Let's create 2 example arrays to illustrate the effects of different array math operations.

In [None]:
a = np.array([[1, 2, 3, 4], [2, 2, 3, 3]])
b = np.array([[4, 1, 1, 2], [1, 4, 2, 2]])

print(a)
print()
print(b)

### Elementwise Operations

If two arrays have the same shape, arithmetic operations (+, -, \*, /, %) between the two arrays are applied to the two elements in the same respective positions in the arrays.

#### Addition

In [None]:
a + b

#### Substraction

In [None]:
a - b

#### Multiplication

In [None]:
a * b

#### Division

In [None]:
a / b

#### Modulo

In [None]:
a % b

The application of NumPy methods implementing unary mathematical operations are also applied to the elements of an array, for example:

#### Square Root

In [None]:
np.sqrt(a)

#### Sinus

In [None]:
np.sin(a)

Of course, these are just two examples for unary operations.

### Broadcasting

Broadcasting allows us to perform arithmetic operations on arrays of different shapes (compared to element-wise operations which require arrays of the same shape). Of course, two arrays cannot have completely arbitrary shapes to result in a meaningful operation between them. When operating on two arrays, NumPy compares their shapes element-wise. It starts with the trailing (i.e. rightmost) dimensions and works its way left. Two dimensions are compatible when

* they are equal, or

* one of them is 1

For more details, check out the [documentation on broadcasting](https://numpy.org/doc/stable/user/basics.broadcasting.html).

#### Example: Addition

First let's create a simple column vector with two elements. 

In [None]:
col = np.array([[1], [3]])

print(col)
print()
print("Shape of column vector:", col.shape)
print("Shape of matrix s:", a.shape)

Since all dimensions of `col` and `a` are compatible according to the definition above, we can broadcast `col` when adding it to `a`. This means that we add 1 to all elements of the first row and 2 to all elements of the second row of `a`:

In [None]:
print(a)
print()
print(a + col)

We can do the same with a row vector where we want to add, say, 2/4/6/8 to the first/second/third/fourth column of `a`.

In [None]:
row = np.array([2, 4, 6, 8])

print(row)
print()
print("Shape of row vector:", row.shape)
print("Shape of matrix a:", a.shape)

Notice that `row` and `a` do not have the same number of dimensions. However, broadcasting is still possible since we start with the trailing (i.e. rightmost) dimensions to check if they are compatible. This is true here since the rightmost dimensions of both arrays is of size 4, and that's the only dimension that needs to be compatible as `row` has only 1 dimension.

In [None]:
print(a)
print()
print(a + row)

Of course, broadcasting is not limited to addition but is supported for all other arithmetic operations (arithmetic operations (+, -, \*, /, %).

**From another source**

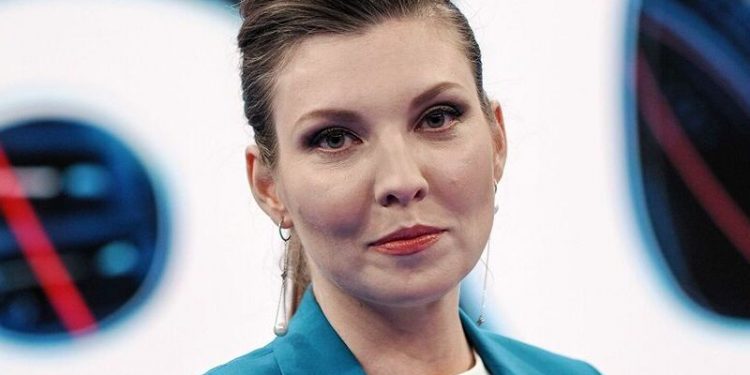 Ольга Скабеева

### In-Built Math Functions

NumPy provides a [long list of mathematical functions](https://numpy.org/doc/stable/reference/routines.math.html) to perform computations on arrays. 

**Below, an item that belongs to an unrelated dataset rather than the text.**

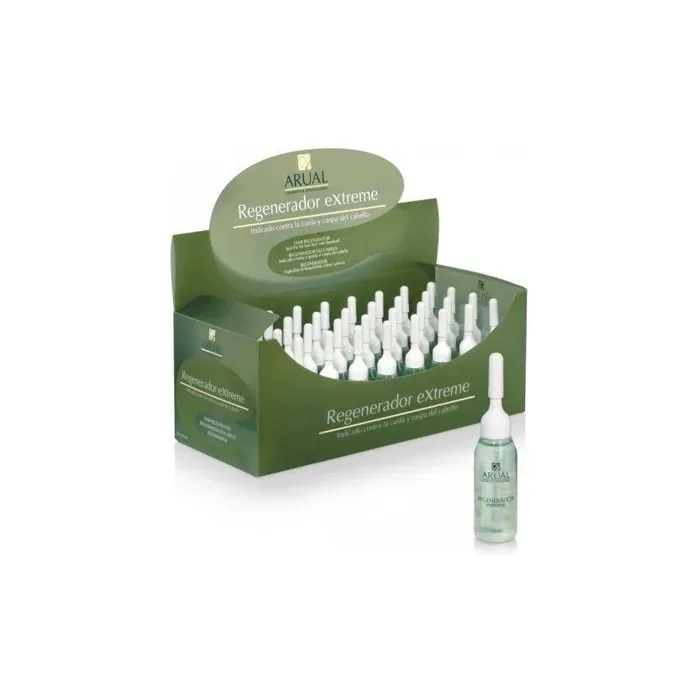 Arual Arual Regenerador Extreme 10ml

#### Elementwise functions

Many of them apply mathematical operations on each element of an array, e.g.:

In [None]:
print(a)
print()

print("Calculate the square root of all elements:")
print(np.sqrt(a))
print()

print("Calculate the log of all elements:")
print(np.log(a))
print()

print("Calculate the exponential of all elements:")
print(np.exp(a))
print()

Note that the element-wise arithmetic operations mentioned above can also be expressed using in-built functions. For example, `a + b` yields the same result as `np.add(a, b)`.


#### Aggregation Functions

Other functions perform aggregation operation (min, max, mean, sum, etc.) over arrays. This can be done over all elements in the array or with respect to a specified dimension. Let's use [`np.sum()`](https://numpy.org/doc/stable/reference/generated/numpy.sum.html) as an example.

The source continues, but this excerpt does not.